* **TASK TO CARRY OUT**: Please copy, exactly as they appear below, the lines from the one containing "Crystal Leaf Pot Studs" through the one containing "Jollein Jollein | Badmemory | Kangaroots".

* **Source data**:
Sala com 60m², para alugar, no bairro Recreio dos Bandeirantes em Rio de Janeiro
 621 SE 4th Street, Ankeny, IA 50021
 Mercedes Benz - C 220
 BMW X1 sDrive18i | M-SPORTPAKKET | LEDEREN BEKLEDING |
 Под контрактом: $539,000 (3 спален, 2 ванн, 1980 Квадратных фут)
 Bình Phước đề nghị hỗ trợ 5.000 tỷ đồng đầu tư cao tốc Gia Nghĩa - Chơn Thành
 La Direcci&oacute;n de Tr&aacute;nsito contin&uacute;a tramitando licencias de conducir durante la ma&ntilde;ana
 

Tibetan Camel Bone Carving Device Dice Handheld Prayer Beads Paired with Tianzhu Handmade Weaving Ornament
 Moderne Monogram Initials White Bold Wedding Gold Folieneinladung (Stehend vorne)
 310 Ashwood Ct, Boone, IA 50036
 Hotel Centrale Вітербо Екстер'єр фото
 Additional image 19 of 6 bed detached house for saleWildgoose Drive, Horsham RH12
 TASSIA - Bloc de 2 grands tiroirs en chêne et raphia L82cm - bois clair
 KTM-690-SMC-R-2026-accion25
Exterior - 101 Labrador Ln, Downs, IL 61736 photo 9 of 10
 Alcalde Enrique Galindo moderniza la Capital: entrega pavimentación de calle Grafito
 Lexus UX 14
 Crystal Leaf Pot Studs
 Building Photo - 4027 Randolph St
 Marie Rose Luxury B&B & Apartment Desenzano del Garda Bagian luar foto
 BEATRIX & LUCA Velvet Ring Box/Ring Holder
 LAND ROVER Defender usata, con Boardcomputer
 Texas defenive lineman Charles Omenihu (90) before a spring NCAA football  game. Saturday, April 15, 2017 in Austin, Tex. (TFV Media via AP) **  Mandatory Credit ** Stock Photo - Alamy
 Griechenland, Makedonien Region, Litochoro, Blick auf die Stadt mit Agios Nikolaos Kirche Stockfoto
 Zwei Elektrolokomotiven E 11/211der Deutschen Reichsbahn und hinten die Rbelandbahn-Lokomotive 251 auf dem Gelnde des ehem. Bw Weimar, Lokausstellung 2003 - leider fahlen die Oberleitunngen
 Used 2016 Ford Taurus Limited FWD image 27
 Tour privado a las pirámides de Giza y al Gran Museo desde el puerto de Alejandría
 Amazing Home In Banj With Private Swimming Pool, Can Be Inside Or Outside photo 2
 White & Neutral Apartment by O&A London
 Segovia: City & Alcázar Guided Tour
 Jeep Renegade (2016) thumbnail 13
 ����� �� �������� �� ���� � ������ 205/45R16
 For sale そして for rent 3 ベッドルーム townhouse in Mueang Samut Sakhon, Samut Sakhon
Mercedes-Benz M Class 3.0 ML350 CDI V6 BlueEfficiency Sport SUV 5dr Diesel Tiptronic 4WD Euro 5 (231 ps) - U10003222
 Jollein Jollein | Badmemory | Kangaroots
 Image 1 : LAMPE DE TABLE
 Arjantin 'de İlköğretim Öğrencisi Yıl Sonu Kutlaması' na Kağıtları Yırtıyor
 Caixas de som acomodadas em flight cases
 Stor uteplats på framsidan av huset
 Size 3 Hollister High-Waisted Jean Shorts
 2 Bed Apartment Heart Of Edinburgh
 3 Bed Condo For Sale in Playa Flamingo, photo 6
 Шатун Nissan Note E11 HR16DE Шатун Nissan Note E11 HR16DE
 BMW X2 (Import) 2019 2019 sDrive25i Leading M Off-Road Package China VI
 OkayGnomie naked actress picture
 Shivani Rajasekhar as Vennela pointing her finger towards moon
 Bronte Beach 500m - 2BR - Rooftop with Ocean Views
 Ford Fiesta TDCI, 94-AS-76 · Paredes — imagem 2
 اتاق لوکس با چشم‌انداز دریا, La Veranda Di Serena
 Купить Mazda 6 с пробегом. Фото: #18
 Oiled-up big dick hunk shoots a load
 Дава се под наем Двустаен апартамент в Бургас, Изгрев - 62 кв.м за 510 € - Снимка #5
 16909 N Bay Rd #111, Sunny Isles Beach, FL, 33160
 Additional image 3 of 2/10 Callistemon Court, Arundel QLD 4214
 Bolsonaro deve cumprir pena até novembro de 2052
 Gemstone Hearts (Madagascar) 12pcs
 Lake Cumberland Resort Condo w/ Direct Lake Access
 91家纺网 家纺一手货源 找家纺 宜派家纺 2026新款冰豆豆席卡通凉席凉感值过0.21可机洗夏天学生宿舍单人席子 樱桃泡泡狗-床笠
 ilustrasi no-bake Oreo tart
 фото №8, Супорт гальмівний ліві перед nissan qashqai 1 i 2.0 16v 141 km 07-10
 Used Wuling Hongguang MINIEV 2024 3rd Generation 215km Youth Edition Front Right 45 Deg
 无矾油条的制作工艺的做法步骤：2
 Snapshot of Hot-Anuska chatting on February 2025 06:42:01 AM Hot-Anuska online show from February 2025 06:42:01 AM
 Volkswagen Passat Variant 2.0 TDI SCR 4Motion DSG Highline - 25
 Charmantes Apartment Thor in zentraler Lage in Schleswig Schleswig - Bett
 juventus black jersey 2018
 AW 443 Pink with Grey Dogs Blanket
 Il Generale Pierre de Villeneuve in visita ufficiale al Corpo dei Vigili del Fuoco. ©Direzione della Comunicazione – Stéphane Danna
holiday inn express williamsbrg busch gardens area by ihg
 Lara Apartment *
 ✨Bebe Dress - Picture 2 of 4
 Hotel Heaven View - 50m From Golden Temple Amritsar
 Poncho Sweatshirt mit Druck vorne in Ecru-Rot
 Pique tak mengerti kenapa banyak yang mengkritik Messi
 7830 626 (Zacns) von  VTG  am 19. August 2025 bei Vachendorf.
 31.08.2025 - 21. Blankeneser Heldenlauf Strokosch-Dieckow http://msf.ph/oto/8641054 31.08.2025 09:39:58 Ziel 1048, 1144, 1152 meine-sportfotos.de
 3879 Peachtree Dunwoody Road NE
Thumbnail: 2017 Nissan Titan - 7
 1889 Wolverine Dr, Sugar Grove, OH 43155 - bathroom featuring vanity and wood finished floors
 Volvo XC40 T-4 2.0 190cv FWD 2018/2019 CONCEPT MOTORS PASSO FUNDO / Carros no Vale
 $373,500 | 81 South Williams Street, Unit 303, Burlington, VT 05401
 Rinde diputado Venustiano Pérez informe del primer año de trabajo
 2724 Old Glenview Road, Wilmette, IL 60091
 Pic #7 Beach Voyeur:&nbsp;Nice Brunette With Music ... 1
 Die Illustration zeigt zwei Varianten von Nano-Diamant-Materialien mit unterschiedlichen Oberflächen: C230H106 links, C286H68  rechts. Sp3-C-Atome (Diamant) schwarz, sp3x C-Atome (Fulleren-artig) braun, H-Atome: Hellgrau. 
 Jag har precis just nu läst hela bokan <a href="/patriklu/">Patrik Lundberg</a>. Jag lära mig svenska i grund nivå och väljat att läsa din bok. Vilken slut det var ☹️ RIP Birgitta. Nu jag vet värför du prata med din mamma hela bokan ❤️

* **ANSWER BELOW**:
 Crystal Leaf Pot Studs
 Building Photo - 4027 Randolph St
 Marie Rose Luxury B&B & Apartment Desenzano del Garda Bagian luar foto
 BEATRIX & LUCA Velvet Ring Box/Ring Holder
 LAND ROVER Defender usata, con Boardcomputer
 Texas defenive lineman Charles Omenihu (90) before a spring NCAA football  game. Saturday, April 15, 2017 in Austin, Tex. (TFV Media via AP) **  Mandatory Credit ** Stock Photo - Alamy
 Griechenland, Makedonien Region, Litochoro, Blick auf die Stadt mit Agios Nikolaos Kirche Stockfoto
 Zwei Elektrolokomotiven E 11/211der Deutschen Reichsbahn und hinten die Rbelandbahn-Lokomotive 251 auf dem Gelnde des ehem. Bw Weimar, Lokausstellung 2003 - leider fahlen die Oberleitunngen
 Used 2016 Ford Taurus Limited FWD image 27
 Tour privado a las pirámides de Giza y al Gran Museo desde el puerto de Alejandría
 Amazing Home In Banj With Private Swimming Pool, Can Be Inside Or Outside photo 2
 White & Neutral Apartment by O&A London
 Segovia: City & Alcázar Guided Tour
 Jeep Renegade (2016) thumbnail 13
 ����� �� �������� �� ���� � ������ 205/45R16
 For sale そして for rent 3 ベッドルーム townhouse in Mueang Samut Sakhon, Samut Sakhon
Mercedes-Benz M Class 3.0 ML350 CDI V6 BlueEfficiency Sport SUV 5dr Diesel Tiptronic 4WD Euro 5 (231 ps) - U10003222
 Jollein Jollein | Badmemory | Kangaroots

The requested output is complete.